__What is expected__
If a line of the data below holds the word "Full", list it.

[Stored data]
"""
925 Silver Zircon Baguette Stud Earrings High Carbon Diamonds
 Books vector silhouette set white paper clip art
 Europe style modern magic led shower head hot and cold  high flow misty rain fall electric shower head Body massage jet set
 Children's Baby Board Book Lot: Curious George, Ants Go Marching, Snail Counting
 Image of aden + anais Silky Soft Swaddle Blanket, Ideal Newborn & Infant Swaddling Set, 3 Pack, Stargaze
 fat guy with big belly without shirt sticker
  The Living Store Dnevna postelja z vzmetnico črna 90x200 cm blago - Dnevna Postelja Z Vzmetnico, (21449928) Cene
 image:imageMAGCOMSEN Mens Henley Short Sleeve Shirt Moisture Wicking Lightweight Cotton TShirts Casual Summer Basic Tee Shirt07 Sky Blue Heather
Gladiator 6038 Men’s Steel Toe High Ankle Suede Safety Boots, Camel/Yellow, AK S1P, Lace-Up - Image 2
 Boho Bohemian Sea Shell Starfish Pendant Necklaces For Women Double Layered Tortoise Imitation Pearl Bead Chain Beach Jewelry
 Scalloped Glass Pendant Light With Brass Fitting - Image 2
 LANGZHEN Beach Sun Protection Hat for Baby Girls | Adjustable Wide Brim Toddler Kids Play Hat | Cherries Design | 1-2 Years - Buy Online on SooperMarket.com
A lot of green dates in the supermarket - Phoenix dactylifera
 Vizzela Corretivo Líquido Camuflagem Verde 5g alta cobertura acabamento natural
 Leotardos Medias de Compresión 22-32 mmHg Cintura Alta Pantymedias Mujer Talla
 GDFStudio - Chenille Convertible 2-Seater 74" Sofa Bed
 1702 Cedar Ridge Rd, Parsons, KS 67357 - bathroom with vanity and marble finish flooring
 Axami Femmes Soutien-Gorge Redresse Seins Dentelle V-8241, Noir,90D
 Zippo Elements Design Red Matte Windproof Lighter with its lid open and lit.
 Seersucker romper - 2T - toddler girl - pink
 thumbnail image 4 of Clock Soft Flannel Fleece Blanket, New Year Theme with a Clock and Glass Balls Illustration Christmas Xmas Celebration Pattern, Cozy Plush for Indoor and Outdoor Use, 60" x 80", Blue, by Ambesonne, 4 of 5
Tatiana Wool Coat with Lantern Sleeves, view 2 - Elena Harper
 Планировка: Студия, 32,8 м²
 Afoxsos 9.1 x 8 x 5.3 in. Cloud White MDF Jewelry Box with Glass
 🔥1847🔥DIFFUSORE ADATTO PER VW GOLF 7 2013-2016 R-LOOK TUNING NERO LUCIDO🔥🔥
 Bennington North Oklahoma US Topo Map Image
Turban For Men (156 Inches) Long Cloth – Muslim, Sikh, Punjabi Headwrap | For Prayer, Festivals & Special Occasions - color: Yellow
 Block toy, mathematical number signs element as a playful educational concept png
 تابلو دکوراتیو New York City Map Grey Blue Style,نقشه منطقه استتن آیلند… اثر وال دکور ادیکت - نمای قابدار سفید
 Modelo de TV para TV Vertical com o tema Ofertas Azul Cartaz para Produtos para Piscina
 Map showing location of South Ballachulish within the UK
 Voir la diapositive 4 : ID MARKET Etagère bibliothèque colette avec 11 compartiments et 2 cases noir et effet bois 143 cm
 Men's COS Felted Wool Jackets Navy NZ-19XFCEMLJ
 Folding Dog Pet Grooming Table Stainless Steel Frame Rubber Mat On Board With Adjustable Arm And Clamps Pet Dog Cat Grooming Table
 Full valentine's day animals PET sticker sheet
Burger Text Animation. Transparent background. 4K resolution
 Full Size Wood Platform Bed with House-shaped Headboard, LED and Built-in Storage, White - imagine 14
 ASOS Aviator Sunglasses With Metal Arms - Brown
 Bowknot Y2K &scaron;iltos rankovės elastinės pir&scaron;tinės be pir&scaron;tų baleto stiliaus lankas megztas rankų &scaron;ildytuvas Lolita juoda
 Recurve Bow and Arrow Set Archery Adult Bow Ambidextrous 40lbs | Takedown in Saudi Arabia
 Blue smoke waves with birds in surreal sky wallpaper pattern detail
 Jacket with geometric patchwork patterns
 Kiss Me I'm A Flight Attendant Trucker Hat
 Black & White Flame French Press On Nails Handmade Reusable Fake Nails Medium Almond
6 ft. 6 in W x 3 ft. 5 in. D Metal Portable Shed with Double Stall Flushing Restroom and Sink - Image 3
"""
__Solution__
 Full valentine's day animals PET sticker sheet
 Full Size Wood Platform Bed with House-shaped Headboard, LED and Built-in Storage, White - imagine 14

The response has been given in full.